▶ [WORKING DATA]:
------------------------------------------------
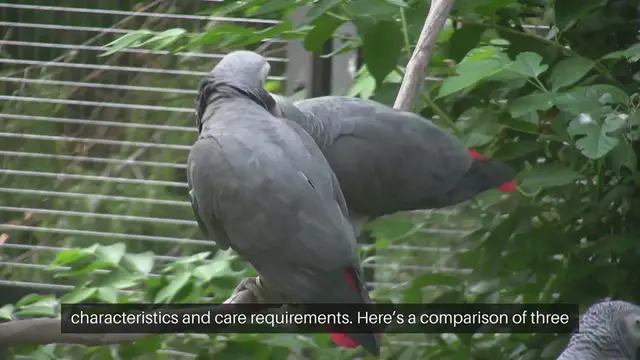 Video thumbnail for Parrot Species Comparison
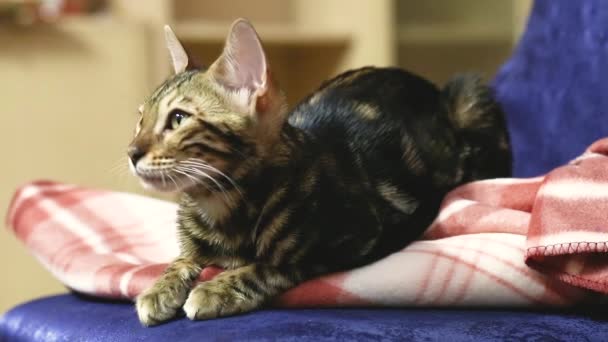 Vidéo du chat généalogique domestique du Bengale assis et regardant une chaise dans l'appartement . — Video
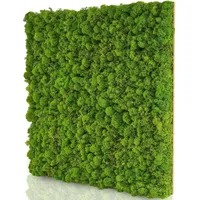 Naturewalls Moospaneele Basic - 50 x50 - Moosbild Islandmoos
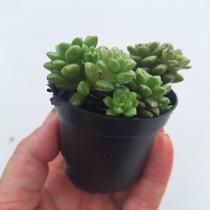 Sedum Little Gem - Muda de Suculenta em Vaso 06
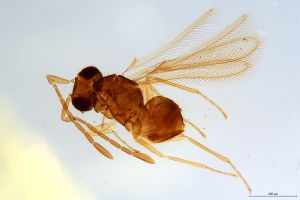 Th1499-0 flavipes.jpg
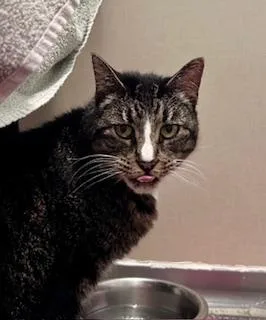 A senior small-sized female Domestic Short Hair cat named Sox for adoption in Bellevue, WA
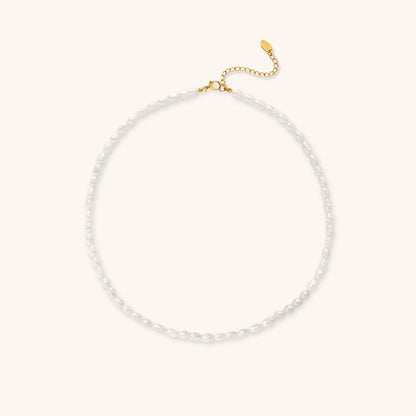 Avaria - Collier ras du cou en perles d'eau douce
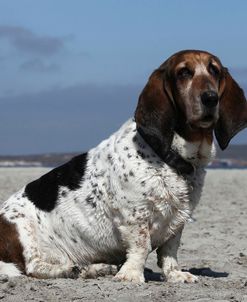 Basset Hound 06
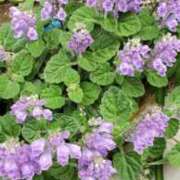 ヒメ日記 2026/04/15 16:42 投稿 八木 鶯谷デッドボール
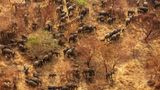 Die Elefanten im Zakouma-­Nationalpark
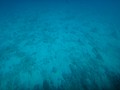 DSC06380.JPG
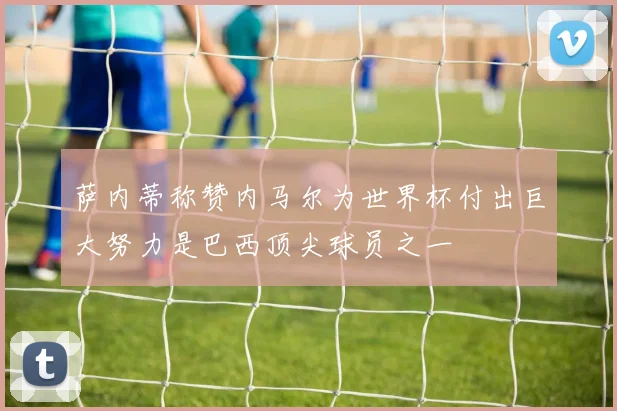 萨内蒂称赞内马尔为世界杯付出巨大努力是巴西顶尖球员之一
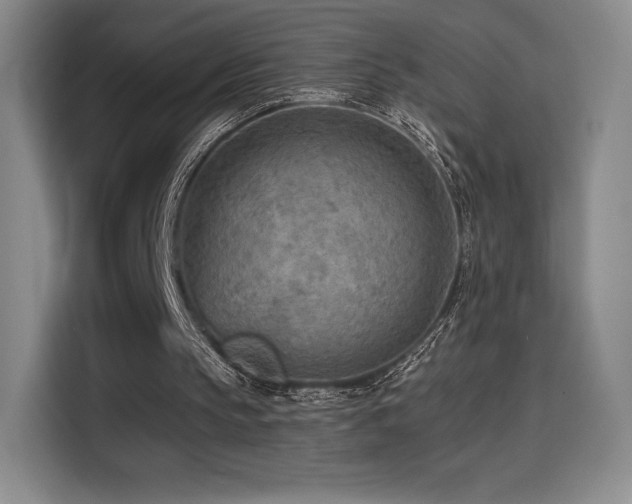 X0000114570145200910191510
------------------------------------------------
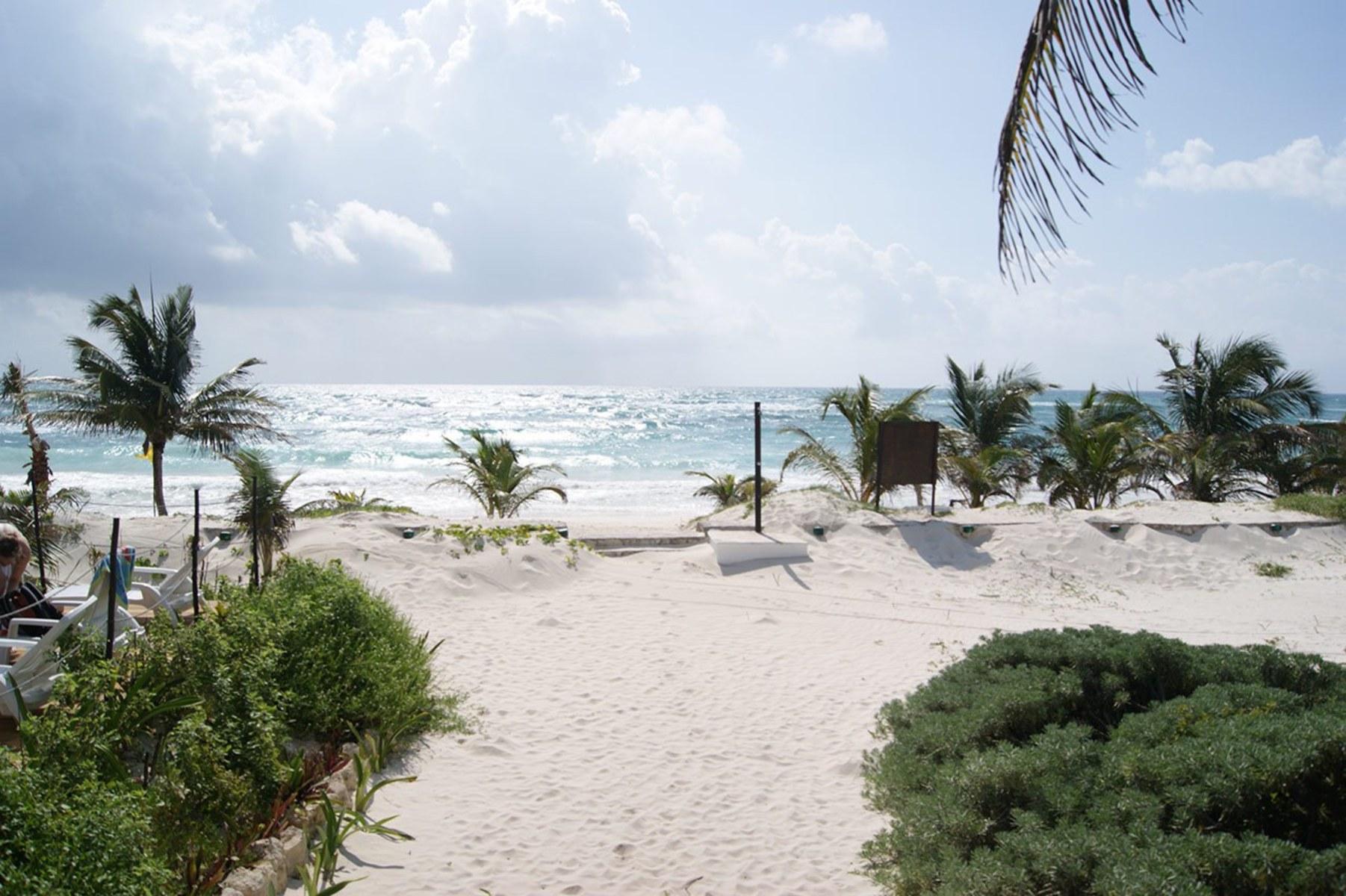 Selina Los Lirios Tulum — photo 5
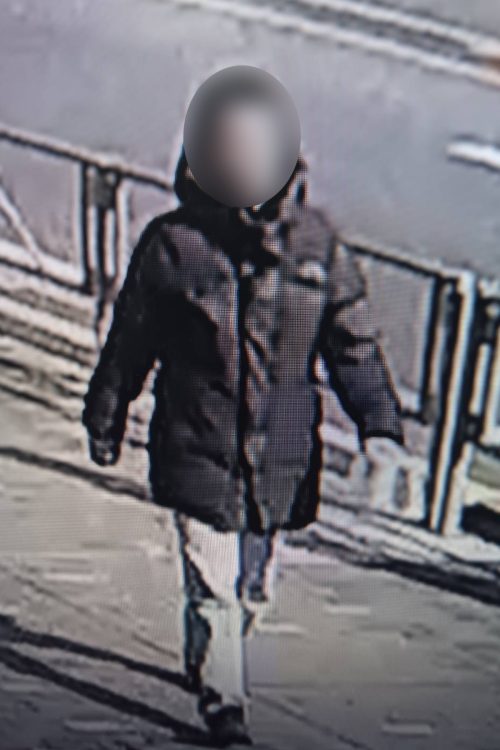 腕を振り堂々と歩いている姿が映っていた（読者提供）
------------------------------------------------
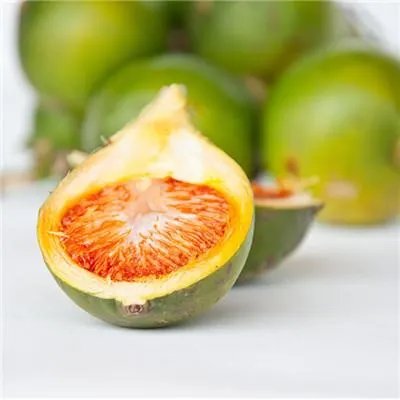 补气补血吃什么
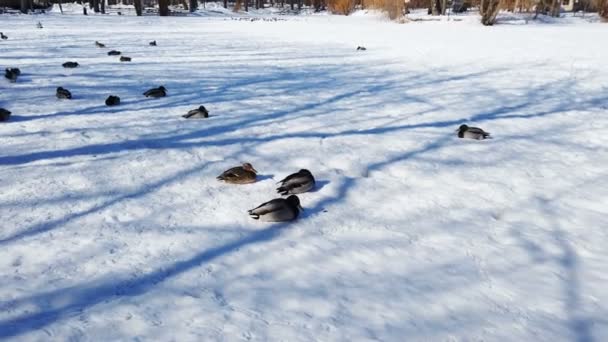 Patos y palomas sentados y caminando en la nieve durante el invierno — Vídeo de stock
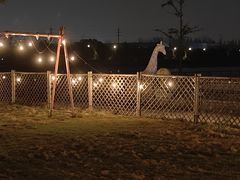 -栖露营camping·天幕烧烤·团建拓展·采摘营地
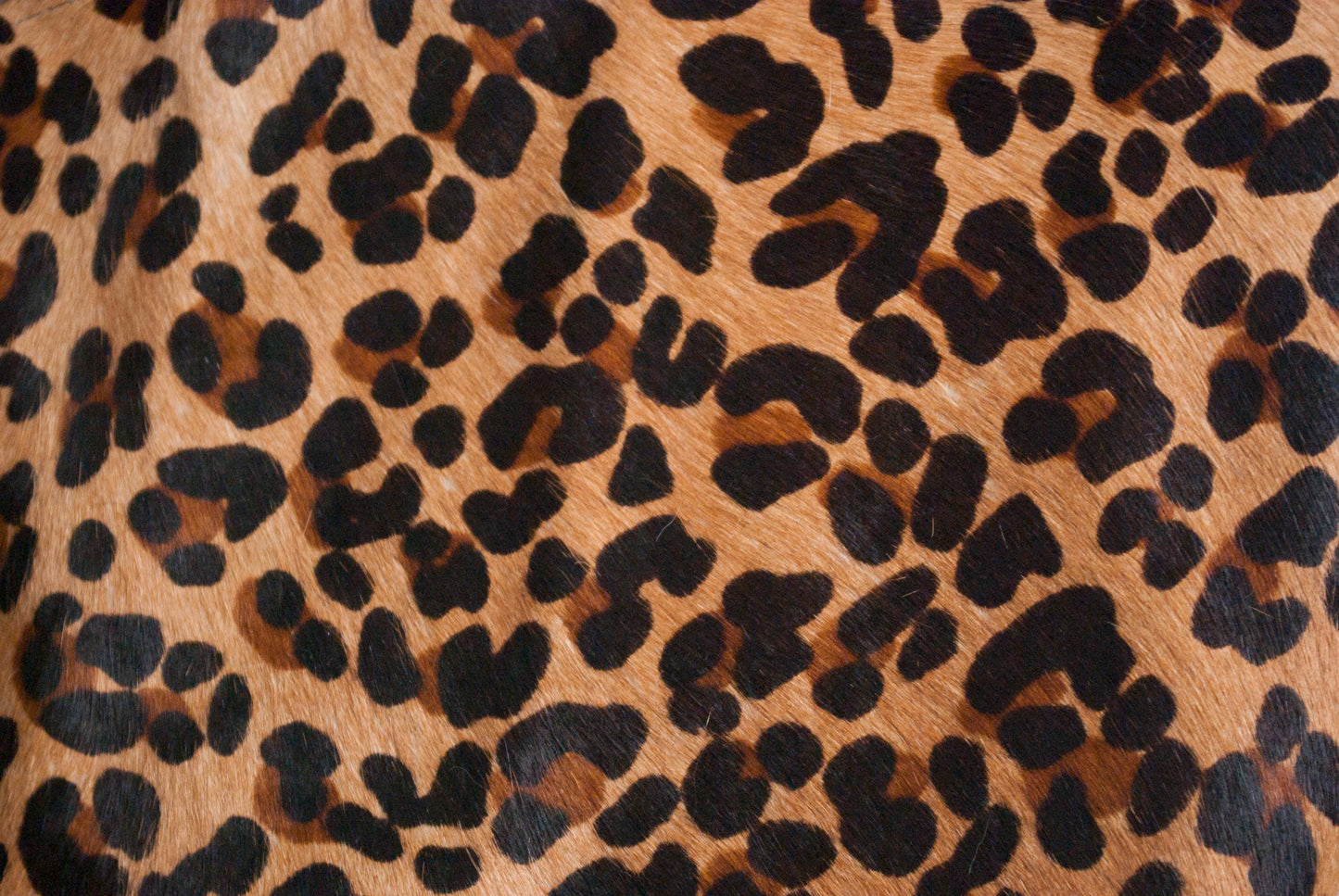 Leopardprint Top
------------------------------------------------
▶ [ABOUT THIS TASK]: Your answer should be the exact lines above from the one containing "Video thumbnail for" through the one containing "Naturewalls Moospaneele Basic", with both end lines kept and the pictures removed, please.

▶ [SOLUTION TO THIS TASK]:
 Video thumbnail for Parrot Species Comparison
 Vidéo du chat généalogique domestique du Bengale assis et regardant une chaise dans l'appartement . — Video
 Naturewalls Moospaneele Basic - 50 x50 - Moosbild Islandmoos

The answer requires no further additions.